Businesses Learning to Guard Rights

Rospatent, the state patent authority, is examining a record number of patent disputes, as businesses become increasingly aggressive in defending their rights.

Yet, bona fide right holders can help the government do a better job in fighting patent violations, Rospatent chief Boris Simonov said Wednesday at a round-table conference organized by the Russo-British Chamber of Commerce.

Rospatent is the arbitrator in hundreds of trademark disputes, among them U.S. coffee giant Starbuck's attempt to reclaim its name from a Russian company.

Last year, Rospatent looked into 2,000 patent disputes, compared with 600 in 2003, Simonov said. In the first six months of 2005, the agency has already considered 1,400 cases.

"It's really important that bodies of the executive branch join forces with bona fide right holders to come up with coordinated activities to better regulate the market," he said.

While acknowledging bumps along the way, Simonov recalled how far Russia had come since the Soviet era, when the country's lone patent holder was the state.

"We shouldn't rack up the mistakes that have been made," he said. "A system has taken shape, and we have to improve it."

One of the main reasons for the rise in the number of cases under Rospatent's consideration is that businesses are increasingly prepared to stand up for their rights, trademark experts said.

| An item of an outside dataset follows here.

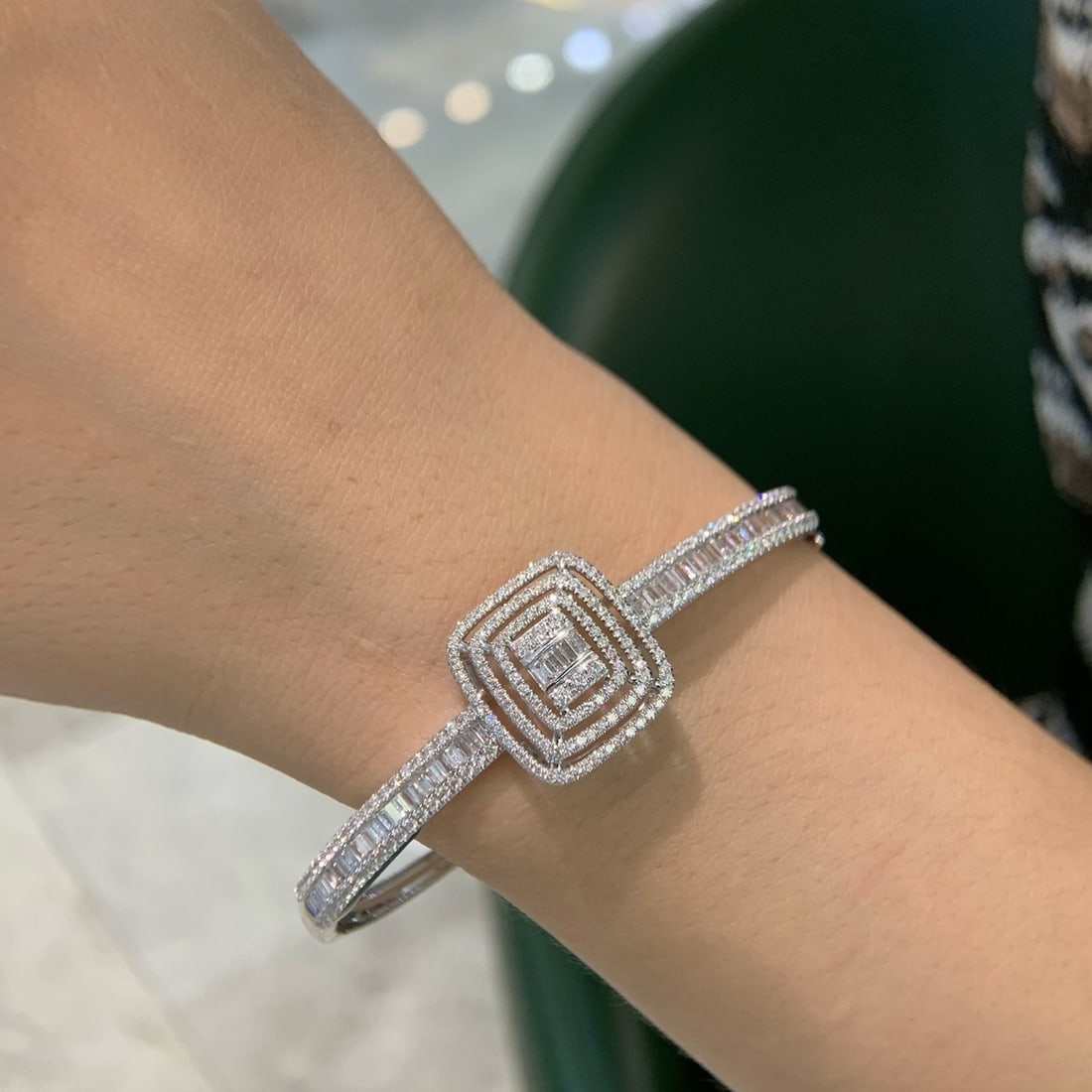 14k Gold 2 Ct Natural H Diamond Bangle: Ref:231166310 // gold content:14k gold // main gemstone:diamond // shape:multiple // carat weight:2ct // clarity grade:vs-si // color:h // treatment:natural //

"People have become more interested in guarding their intellectual property rights," Nina Polyakova, a patent attorney with IP Pro law firm, said by telephone.

Nonetheless, so-called trademark squatting remains a serious issue. "The topic of use and non-use of trademark continues to be a huge problem," said Peter Necarsulmer, president of the Coalition for Intellectual Property Rights and founder of PBN public relations agency.

While there are loopholes in legislation and enforcement is lax, the problem is exacerbated by right owners caving in to blackmailing by trademark squatters, Necarsulmer said.

"If [right holders] didn't pay blackmailers, would blackmailers be in business?" he said.

According to Russian law, any business can apply to use a trademark if it has not been used for three years.

Of the 2,000 patent disputes considered last year by Rospatent, 680 cases dealt with trademark use -- a proportion that has jumped to 800 out of 1,400 in the first half of this year.

In a well-known case, Starbucks has been tripped up from entering Russia because a local company holds the Starbucks trademark. Rospatent's final word on the issue is still pending.